Output all entries verbatim, dropping pictures.

(Beginning of SUPPLIED MATERIAL)

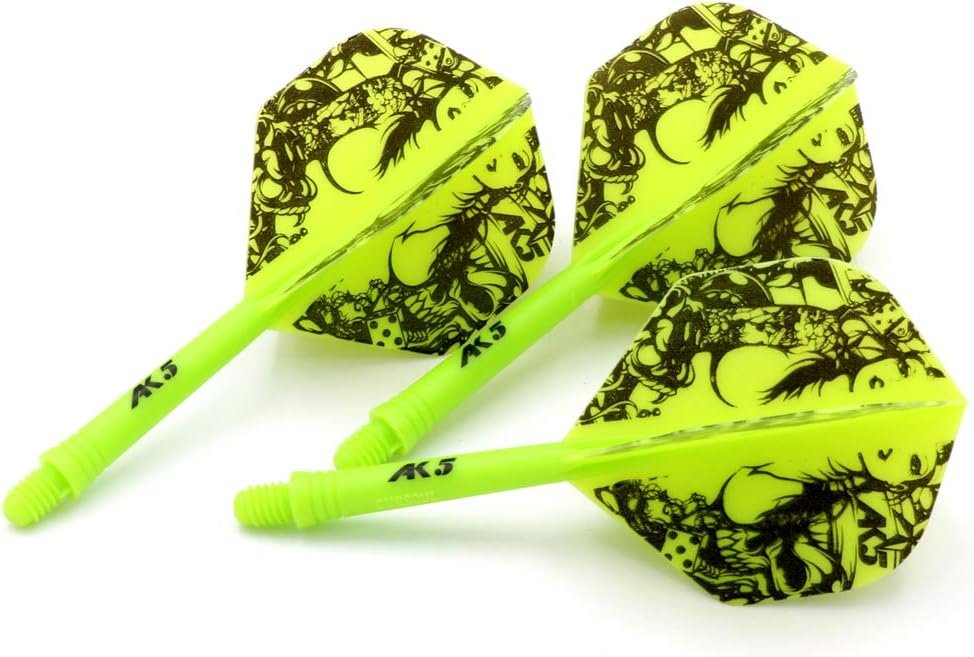 CUESOUL ROST Integrated Dart Shaft and Dart Flight Standard/Slim/Diamond/Big Win... 2 CUESOUL ROST Integrated Dart Shaft and Dart Flight Standard/Slim/Diamond/Big Win... - Image 2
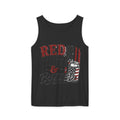 Red White & Buzzed Tank Top — Patriotic 4th of July Party Tank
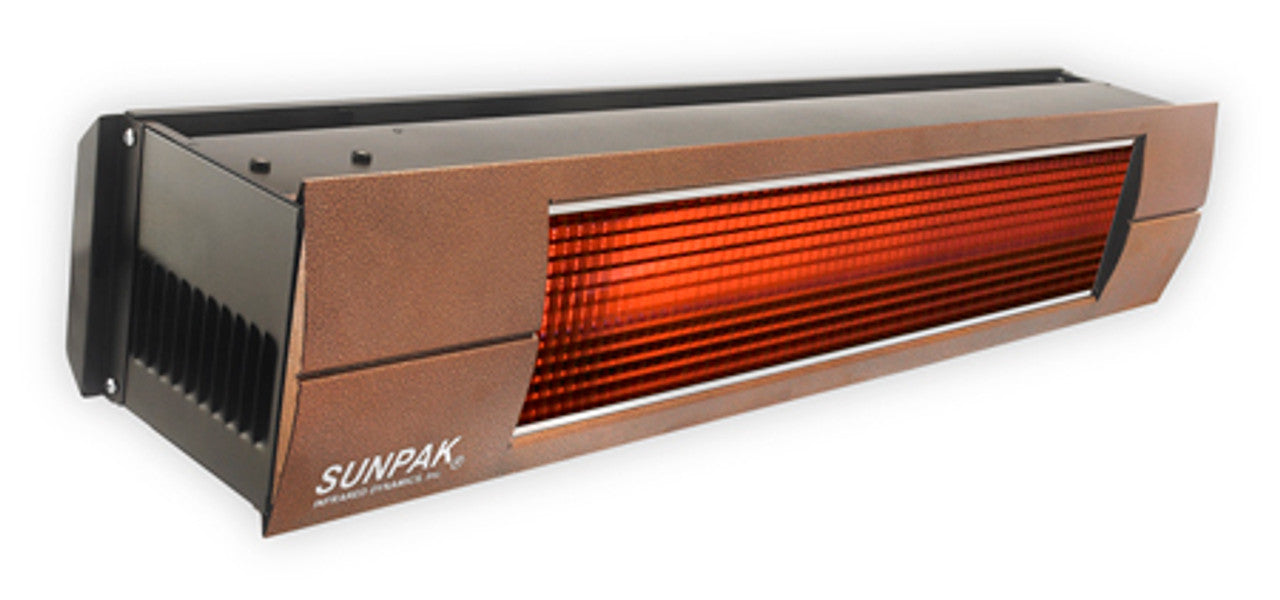 SUNPAK Black Two Stage BTU heater - S34-B-TSH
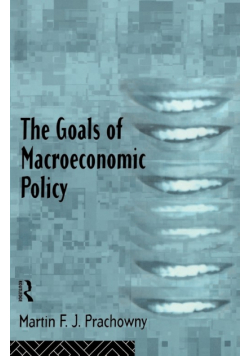 The Goals of Macroeconomic Policy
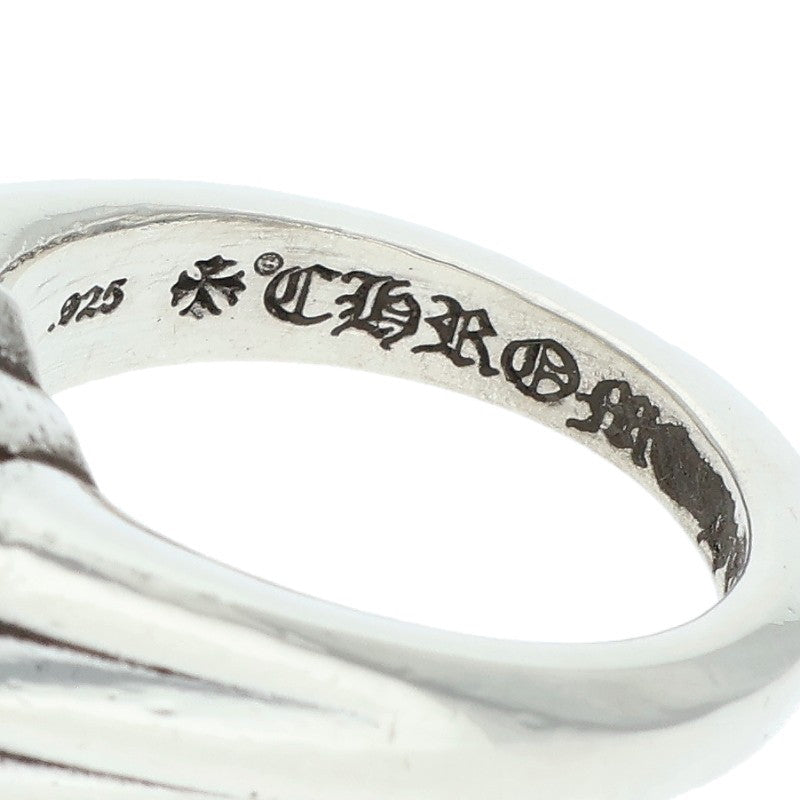 Chrome Hearts CUTOUT CH PLS SML Silver Ring Size ONE SIZE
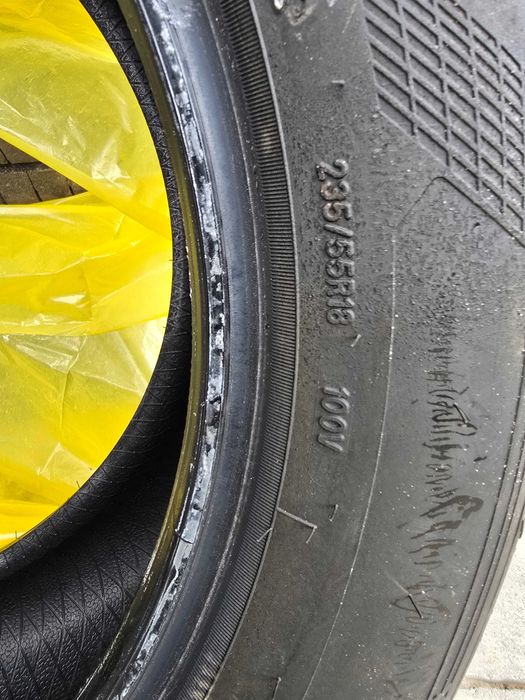 Opony GoodYear 235/55/18 letnie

(End of SUPPLIED MATERIAL)

*YOUR SOLUTION:*
 CUESOUL ROST Integrated Dart Shaft and Dart Flight Standard/Slim/Diamond/Big Win... 2 CUESOUL ROST Integrated Dart Shaft and Dart Flight Standard/Slim/Diamond/Big Win... - Image 2
 Red White & Buzzed Tank Top — Patriotic 4th of July Party Tank
 SUNPAK Black Two Stage BTU heater - S34-B-TSH
 The Goals of Macroeconomic Policy
 Chrome Hearts CUTOUT CH PLS SML Silver Ring Size ONE SIZE
 Opony GoodYear 235/55/18 letnie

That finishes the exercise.